Published onMar 12, 2021
Jacobson, Lori

Lori Jacobson, 2017

Commissioned by University Museums. U2017.118

LORI JACOBSON (BS ’80 history, BA ’80 advertising design) followed her passion for work in the museum world, learned as a student employee at University Museums, and directs her own Los Angeles consulting firm that specializes in museum planning.

Jacobson, who grew up in the Story County community of Roland, said Iowa State was “familiar and highly appealing” as her college of choice. However, a part-time job while a student launched Jacobson’s career.

“Once I learned about and was hired as a part-time student employee by Iowa State’s University Museums at the end of my second year, I was smitten by the museum world in a way that changed my life,” Jacobson said.         

“Thanks to Director Lynette Pohlman’s stellar mentoring and training, I found and followed a career path that took me to Texas and ultimately Los Angeles, where I live with my husband Jason.” She has remained a member of University Museums for more than four decades.

She formed her current company in 2013, offering project management and planning for museums. Her experience includes 15 years as director of THINK Jacobson & Roth, a company that organized and facilitated custom teams to plan and build interactive exhibits. Jacobson’s firm completed interpretive planning projects and/or exhibits for El Presidio de Santa Bárbara State Historic Park, Nevada State Museum in Las Vegas, the LA County Natural History Museum (including Marine Hall, Diorama Halls, and Thomas the T. Rex Conservation Lab), Alf Museum of Paleontology, and the Goleta Valley Historical Society, among others.

Prior to co-founding THINK, Jacobson was project manager at a California-based firm whose 20-member team developed exhibitions for the new Golden State Museum at the California State Archives in Sacramento. Her responsibilities included identifying, hiring, and overseeing the work of guest curators and devising a plan for collecting 800 historical and cultural artifacts for the exhibits.

Jacobson also was executive director of the Western Museums Association, a nonprofit group serving 1,000 museum professionals in the nine western states of the United States. She was Assistant Museum Educator at the Los Angeles County Museum of Art, and Curator of Collections at the McAllen International Museum in McAllen, Texas.

Jacobson managed the development of Iowa State University Museum’s newest book, Campus Beautiful: Shaping the Aesthetic Identity of Iowa State University, published in 2015.

“I’ve always believed that the ideal in life is to ‘work hard and play hard,’ enjoying time with friends and family throughout – time spent on a walk or a hike, savoring a good meal and/or conversation, or enjoying  quieter moments,” Jacobson said. “The all-important added component is to pay it forward to others where possible through positive encounters and service.”

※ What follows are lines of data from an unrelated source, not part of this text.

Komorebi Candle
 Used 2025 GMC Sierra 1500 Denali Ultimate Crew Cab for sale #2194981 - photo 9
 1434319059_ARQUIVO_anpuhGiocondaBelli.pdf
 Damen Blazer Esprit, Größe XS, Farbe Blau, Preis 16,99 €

Jacobson passed away in 2018. Jacobson, through her estate, established the Lynette Pohlman Student Mentoring Scholarship Fund, which supports the Lynette Pohlman Museum Fellowship. The goal of the Fund is to provide a one-on-one mentoring experience at the University Museums to selected undergraduates to enable them to develop the knowledge and training required for continued education, and to secure a career, in the flourishing museum field.

When making a gift to establish the Lori A. Jacobson Gallery of the Brunnier Art Museum to honor his late wife, Jason Kogan captured her best as he wrote that Lori was, “A beautiful spirit with matching smile, kind, warm, caring, gentle, optimistic, inspiring, always grateful and looked only for good in others.”

Director and Chief Curator of University Museums, Lynette Pohlman: Lori’s professional beginnings lie with University Museums, and her professional contributions have informed and shaped the museums evolution.  Assisting with the strategic vision of the Christian Petersen Art Museum, to project managing Campus Beautiful, and conducting student engagement research, she remains, even after passing, highly impactful to University Museums.